De projectdoelen (handhaven op arbobeleid, fysieke belasting, werkdruk en de werk- en rusttijden,
het verzamelen van informatie over de stand van zaken en het bevorderen van een
bewustwordingsproces) zijn gerealiseerd.
De informatie biedt houvast voor verdere activiteiten zoals overleg met de branche. Wat betreft het
bevorderen van het bewustwordingsproces zij vermeld dat alle bedrijven waar de inspecteur
geconstateerd heeft dat er sprake is van werkdruk of fysieke belasting, maar dit niet was opgenomen
in het arbozorgsysteem, door de inspecteur ‘aan het werk’ zijn gezet. Dit zal onmiskenbaar een
positief effect hebben op het bewustwordings-proces binnen het bedrijf. Daarnaast is bij alle
bedrijven de brochure ‘Druk werk: ?! Omgaan met werkdruk en stress’ van de Stichting van de
Arbeid achtergelaten. In hoeverre hiermee een bewustwordingsproces binnen de branche op gang is
gebracht is moeilijk in te schatten.
9
4.2 Inhoudelijk
Geconcludeerd kan worden dat veel bedrijven niet in het bezit waren van een schriftelijke risicoinventarisatie en -evaluatie. Is dit wel het geval dan is in veel gevallen deze niet compleet en of niet
actueel. Dit heeft zowel betrekking op het plan van aanpak, de verplichte toets door de arbodienst
als op het ontbreken van in het bedrijf aanwezige risico’s.
Met betrekking tot fysieke belasting blijkt één op de zes bedrijven dit risico niet door middel van de
riscio-inventarisatie en -evaluatie in kaart heeft gebracht.

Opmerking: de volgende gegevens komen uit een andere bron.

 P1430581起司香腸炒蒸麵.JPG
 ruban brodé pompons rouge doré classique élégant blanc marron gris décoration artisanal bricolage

Ten aanzien van werkdruk is gebleken dat 32% van de bedrijven beleid voert ter voorkoming van
werkdruk. In een klein deel (7%) van de bedrijven is werkdruk als risico gesignaleerd terwijl in die
bedrijven geen beleid ter voorkoming van werkdruk werd gevoerd. Deze werkgevers ontkennen en
bagatelliseren vaak het risico. Dit wordt nogal eens veroorzaakt door een gebrek aan expertise. Het
gaat hierbij enerzijds om een gebrek aan inzicht van wat werkdruk is en anderzijds ontbreekt het
inzicht in de maatregelen die kunnen worden getroffen om werkdruk te voorkomen of te elimineren.
4.3 Follow-up
Naar aanleiding van deze resultaten zal de Arbeidsinspectie overleg voeren met de sociale partners.
Doel daarbij is na te gaan hoe de sociale partners denken een bewustwordingsproces rondom
werkdruk en fysieke belasting op gang te brengen en het verspreiden van expertise verder vorm te
geven. Daarnaast zal nagegaan worden hoe vanuit de branche-organisatie een bijdrage geleverd kan
worden om de arbobeleidsvoering binnen de branche te verbeteren.